Noite, Mafias e outra criminalidade (II)

por josé simões, em 30.08.07

Pegando ainda no tema da insegurança na noite portuense no particular, mas projectando-o para a generalidade da noite nas grandes urbes em Portugal.
 
Hoje, e segundo o Público «Um elemento próximo da família da Aurélio Palha (…) explicou que a família deseja resguardar-se ao máximo – inclusive de declarações aos órgãos de comunicação social – porque eles próprios também não percebem o que é que levou à morte de Aurélio Palha, nem com quê ou com quem estão a lidar.»
 
A ver se percebo o que a família do “malogrado” (como se usa na imprensa regional) Aurélio Palha não percebe: Em meia-dúzia de anos, de segurança a dono de um império que inclui uma rádio, «deixando em herança um património avultado e alguns carros de topo de gama, como um Ferrari e um Porsche Cayenne.» (Público).
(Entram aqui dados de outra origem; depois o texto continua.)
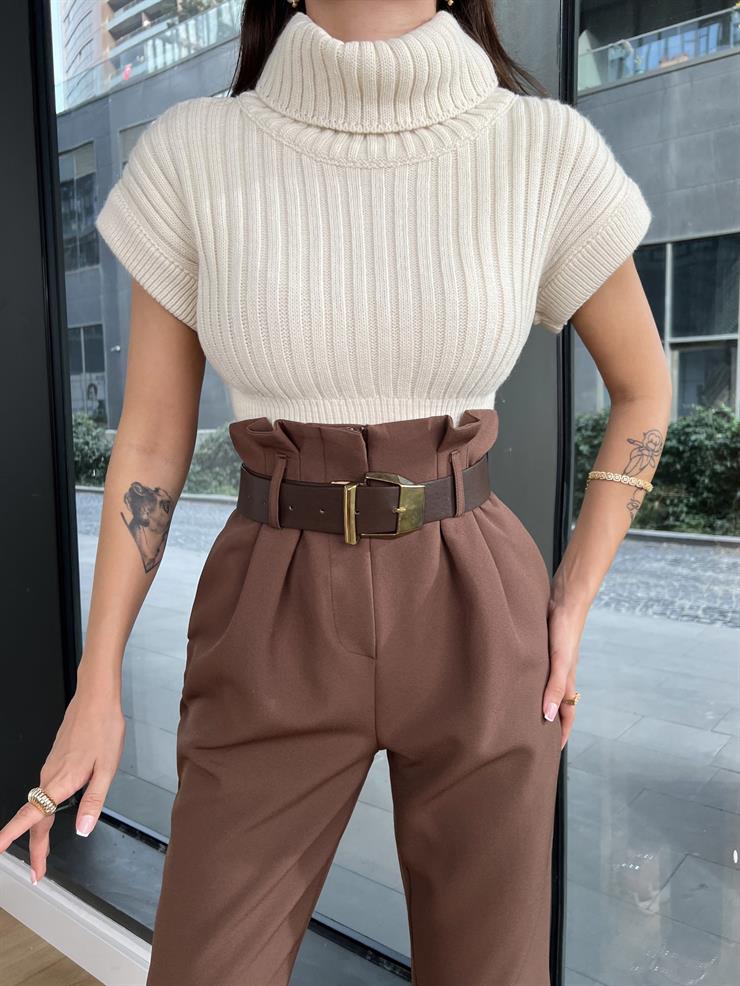 Boğazlı kısa Kollu Fjaka Kadın Taş Triko Crop 24k000148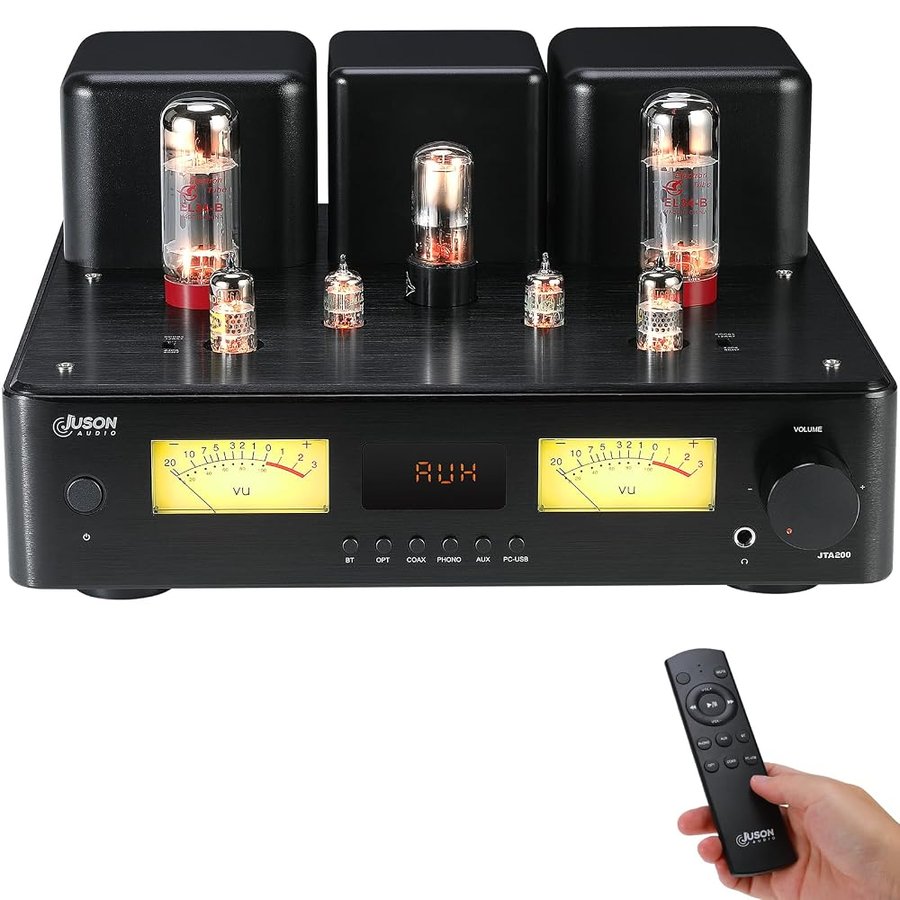 Juson Audio JTA200 EL34 Amplificatore tubolare, 150 W x 2, classe AB HiFi Amp, BT5.4 LDAC aptX HD, stereo ibrido, ingresso phono per giradischi, cuffie e uscita subwoofer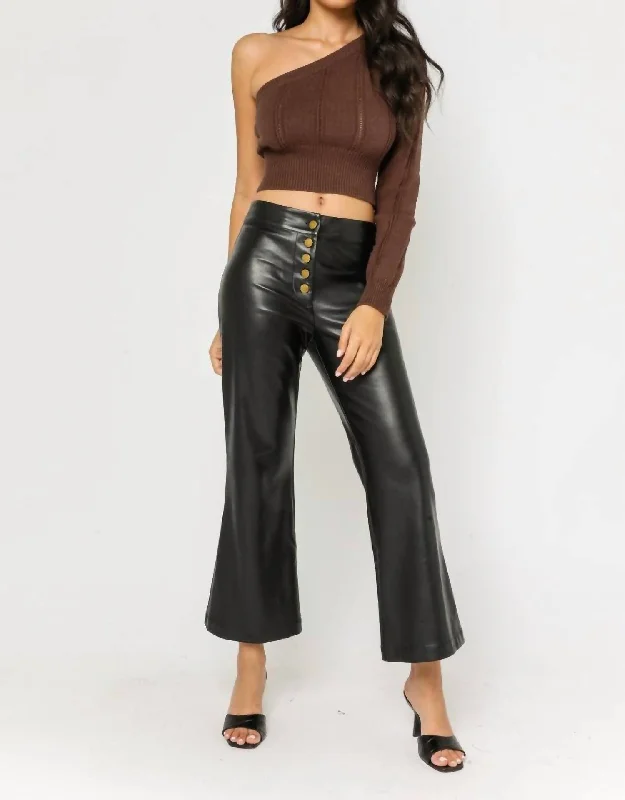 Cropped One Shoulder Sweater in Brown Spandex Blend Rayon Blend Denim Blend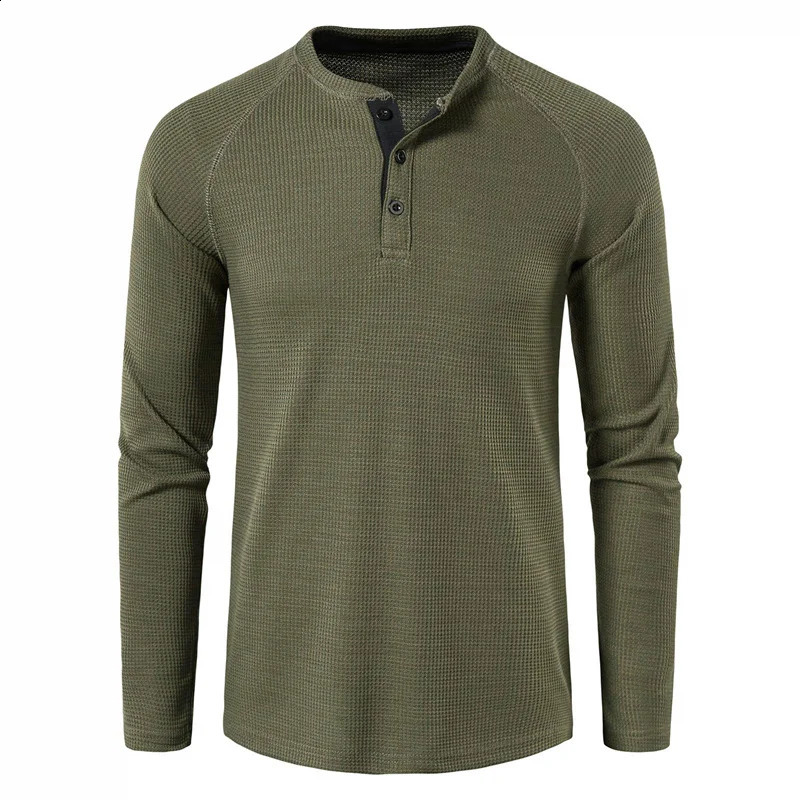 Fashion Waffle Cotton T Shirt Men 2024 Autumn Slim Fit Long Sleeve Henley Tshirt Streetwear Casual Solid Color TShirt 240815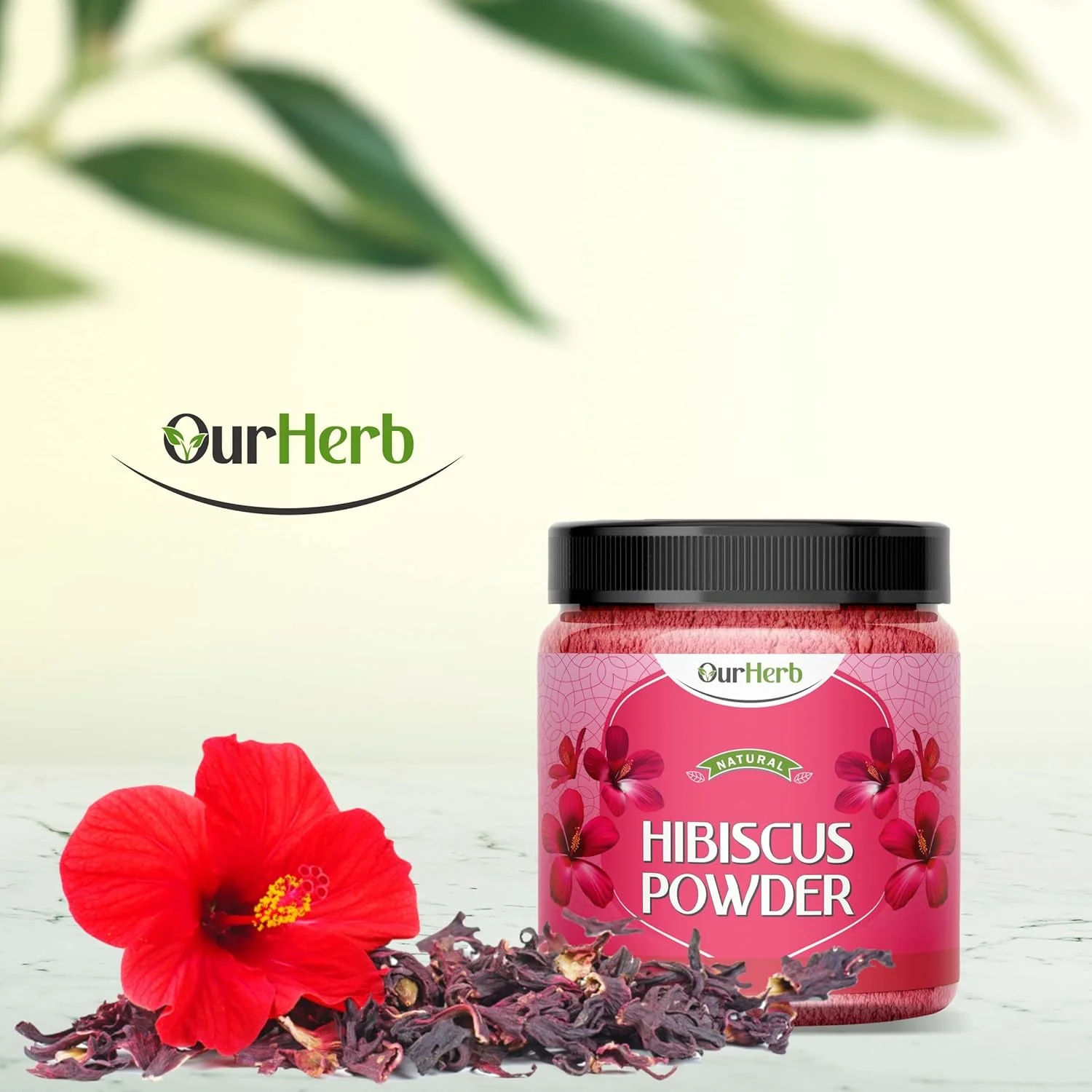 پودر گل ختمی ارگانیک OurHerb ✅ برای ماسک صورت و مو، مراقبت طبیعی و خالص از مو و پوست با گل ختمی چینی، پودر گل گودال برای موهای کدر و پوست سر خشک - 200 گرم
Qual é a parte que a família não percebe?
 
«Este interlocutor criticou ainda as leis portuguesas por, na sua opinião, serem favoráveis aos criminosos.» (também no Público). Tem toda a razão o “elemento próximo da família da Aurélio Palha”, como anteriormente aqui havia sido escrito, isto não é um caso de Polícia, é um caso de Finanças, vulgo Fisco.
 
Identifique-se e seja (m) levado (s) a julgamento o (s) responsável / responsáveis pelo assassinato de Aurélio Palha, é o mínimo que se exige; é o caso de Polícia. Investiguem-se todos os Aurélios Palha deste país, e as suas ascensões meteóricas. E, mais importante, sejam criados mecanismos de controlo e prevenção a futuros candidatos a “empresários” da noite; é a parte que cabe ao Fisco.
 
Adenda: Ainda sou do tempo – como no spot publicitário – em que ser “empresário” era sinónimo de criador de emprego e bem-estar para uma comunidade.